Il ne suffit pas de renforcer la hiérarchie chez les enseignants pour améliorer le management ou les résultats de l’Ecole. Il ne suffit pas de réveiller la nostalgie des écoles normales et des blouses grises pour relever le défi de l’élévation des compétences du 21ème siècle chez les enfants des classes populaires. Alors que les trois quarts du temps scolaire est pris par les fondamentaux à l’école primaire, on voit mal comment on pourrait augmenter l’horaire de français si ce n’est au détriment des maths ou du « récit national » que l’on prétend défendre.
Tout cet ensemble est incohérent sur le plan idéologique et ne propose qu’une vision minable d’une Ecole qui abdiquerait toute prétention éducative.

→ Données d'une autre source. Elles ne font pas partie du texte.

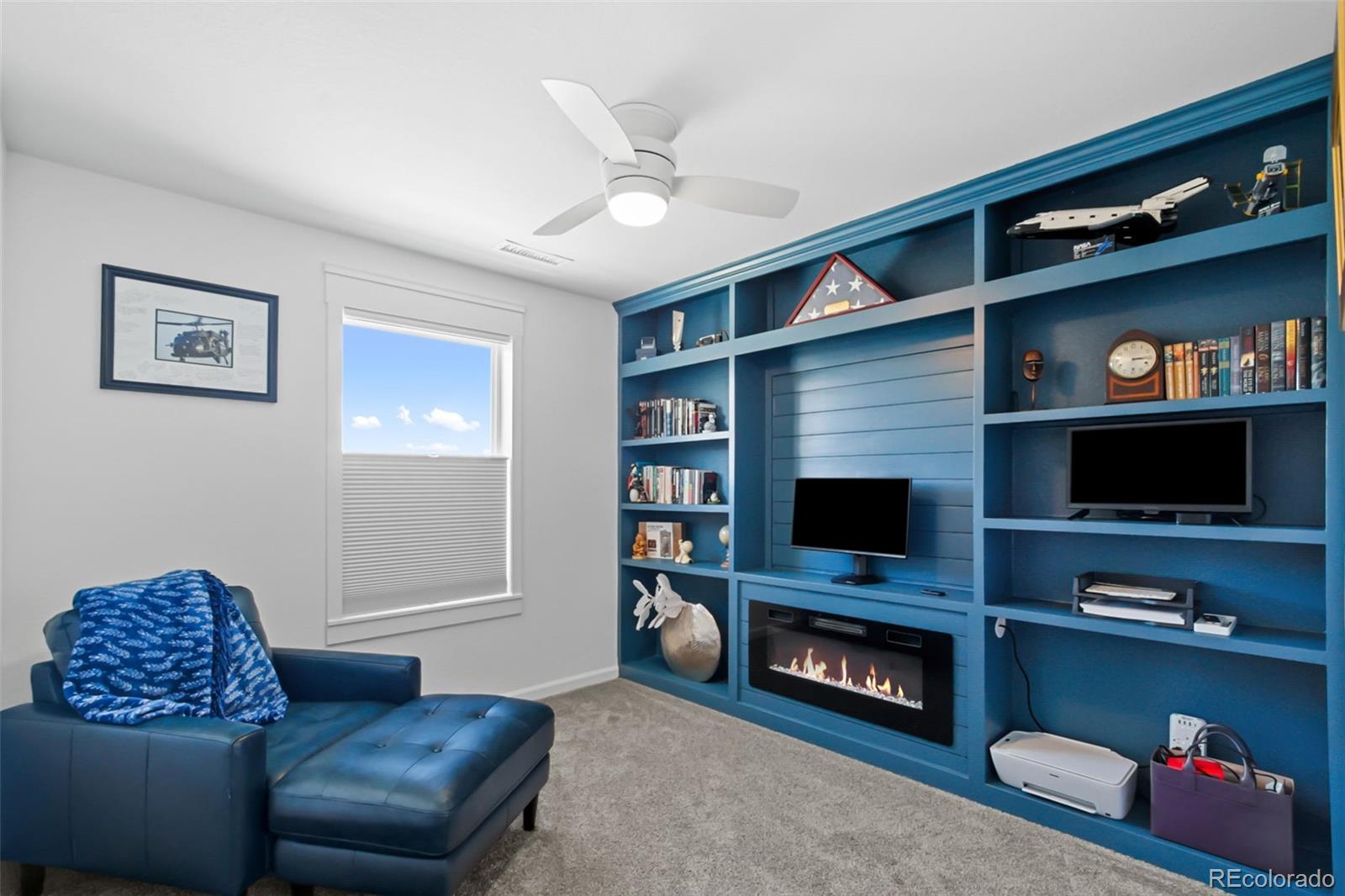9753 Middle Peak Street Littleton, CO 80125 - Photo 23 of 41 a living room with furniture and a flat screen tv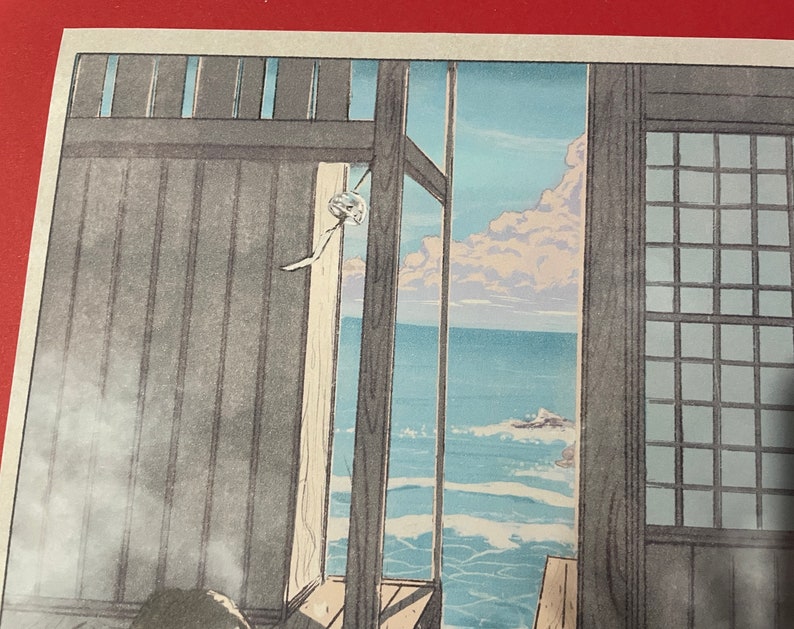 May include: A woodblock print depicting a view of the ocean from a Japanese home. The print features a wooden window frame with a view of the ocean and sky. The ocean is a light blue colour with white waves. The sky is a light blue colour with white clouds. The print is framed in a wooden frame.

Pourtant ça marche. Ce qu’on doit retenir de ce rapport ce n’est pas l’ineptie de ses propositions qu’aucun expert de l’Ecole ne peut prendre au sérieux. C’est leur efficacité politique. Le rapport fabrique un rassemblement politique. Il porte aussi bien l’extrême droite que la droite classique et une partie de la gauche. Le ralliement de Françoise Laborde, sénatrice radicale de gauche, sur la base de ce rapport est très significative.
Les fondamentaux du rapport n’ont rien à voir avec les valeurs républicaines. Le rapport ne défend pas une société démocratique, il rêve d’une société autoritaire, soumise à des hiérarchie « naturelles ». Le rapport ne défend pas la République, il s’oppose à la réalité d’une société démocratique et multiculturelle. Il ne défend pas la laïcité, il s’oppose à la pratique de l’islam et à la présence des Arabes.
Sa force politique réside dans sa conception profondément réactionnaire de la laïcité et de la société. Dans un pays qui ne va pas bien et qui a la nostalgie d’un passé mythique, ces conceptions sont à la mode. Depuis des années on observe la montée de l’obsession identitaire dans la société y compris dans l’école. Cette mécanique rapproche des forces politiques opposées qui partagent finalement les mêmes peurs. C’est cette reconstruction politique sur la peur qui est en route au Sénat dans la perspective de 2017. Hélas, elle a choisi l’Ecole pour se faire.